Abu Dhabi: Remittances from the UAE this quarter could drop by 20-25 per cent from a year ago as job losses and salary cuts take their toll.

“Remittance transactions in the first-half of April witnessed a 30 per cent decrease; however, this drop reduced to around 15 per cent by the third week and improve as we get closer to the end of the month,” said Rashid Al Ansari, CEO at Al Ansari Exchange.

The World Bank has projected global remittances to drop by 20 per cent this year, with the Middle East and North Africa expected to see falls by 19.6 per cent to $47 billion. “The drop has been across-the-board and represented through the demographics we have in the UAE,” he added.

There are a number of reasons for this, including exchange houses being closed in the receiving country, as well as many residents saving money...

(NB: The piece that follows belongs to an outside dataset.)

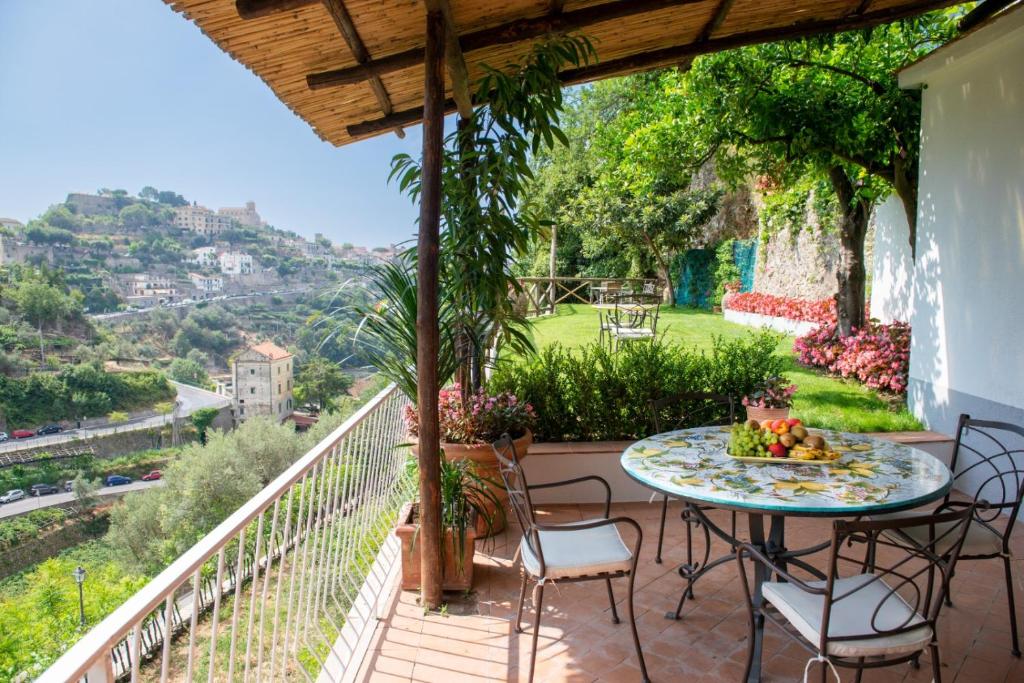 un patio con tavolo e sedie sul balcone. di IL NIDO DEGLI ANGELI a Ravello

- Associate at Lulu International Exchange

“The World Bank’s forecast is pretty much in line with what we seen so far and it’s going to continue that way at least until the second quarter. We haven’t seen the end of it.”

Declines across the board

Remittance declines were also reported at LuLu International Exchange, as well as at other exchange companies. “March was business as usual, but as we entered April the impact definitely started to be felt,” said an associate at one of LuLu’s main branches.

“There are a number of reasons for this, including exchange houses being closed in the receiving country, as well as many residents saving money to be able to sustain themselves during this time as their own salary situation has been affected. And others have just lost their jobs.”

Going cashless at low costs

Al Ansari said UAE regulators need to step in and make it less costly for exchange houses to transition to cashless and digital payments.

“For example, remitting Dh1,000 using a debit card will cost a typical exchange company between 2-2.5 per cent resulting in a Dh20-Dh25 fee. When you are charging the customer Dh16 for the transaction, there is no way the exchange company can absorb this cost.

“Although there are alternative methods like UAE Payment Gateway System, not all banks are members and is not as user-friendly compared to using a debit card.

“I urge the relevant authorities to tackle this major hurdle in digital payment fees. This could be by introducing a local scheme with a cap on the fees per transaction like in Saudi Arabia and Kuwait. K-net in Kuwait charges a fixed fee of less than Dh1 regardless of the amount, which is easily absorbed by the merchants including exchange companies.”